- INSTRUCTIONS TO FOLLOW:
For this exercise, write out only the lines of the entries below from the one with "One Shoulder Sleeveless" up to and including the one with "romantic dining area", exactly as they are. Pictures stay out.

- RECORDS FOR THE TASK:
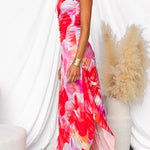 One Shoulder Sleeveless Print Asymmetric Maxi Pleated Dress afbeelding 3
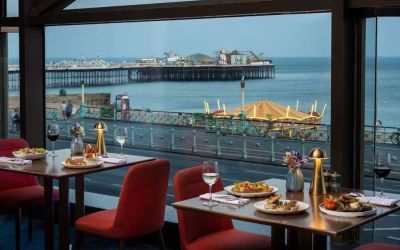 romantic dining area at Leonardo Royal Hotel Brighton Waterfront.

--

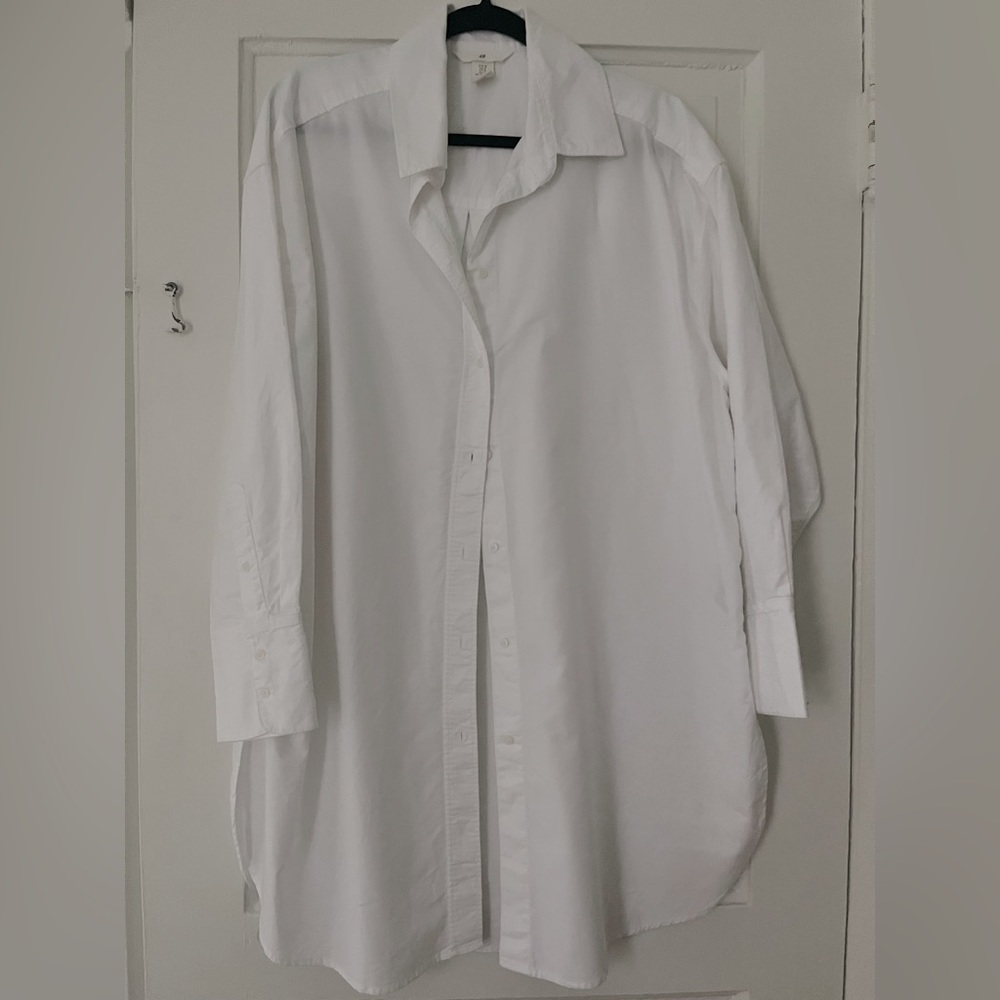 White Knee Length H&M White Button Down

--

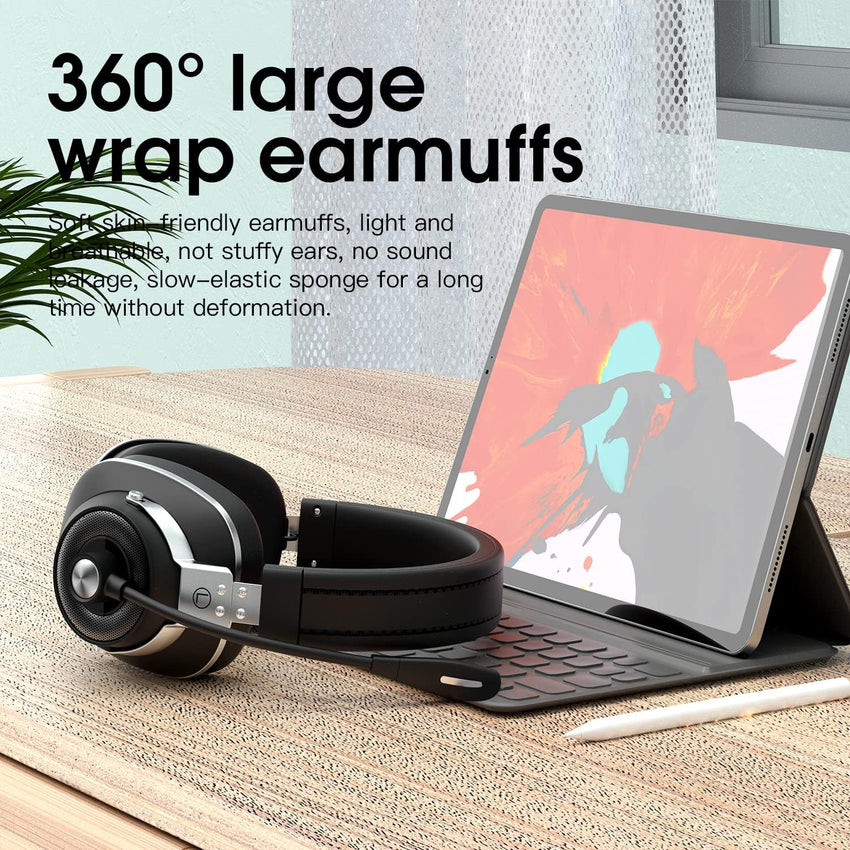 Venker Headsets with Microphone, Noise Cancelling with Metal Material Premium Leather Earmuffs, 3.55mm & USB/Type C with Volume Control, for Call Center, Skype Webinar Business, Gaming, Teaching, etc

- WRITTEN SOLUTION:
 One Shoulder Sleeveless Print Asymmetric Maxi Pleated Dress afbeelding 3
 romantic dining area at Leonardo Royal Hotel Brighton Waterfront.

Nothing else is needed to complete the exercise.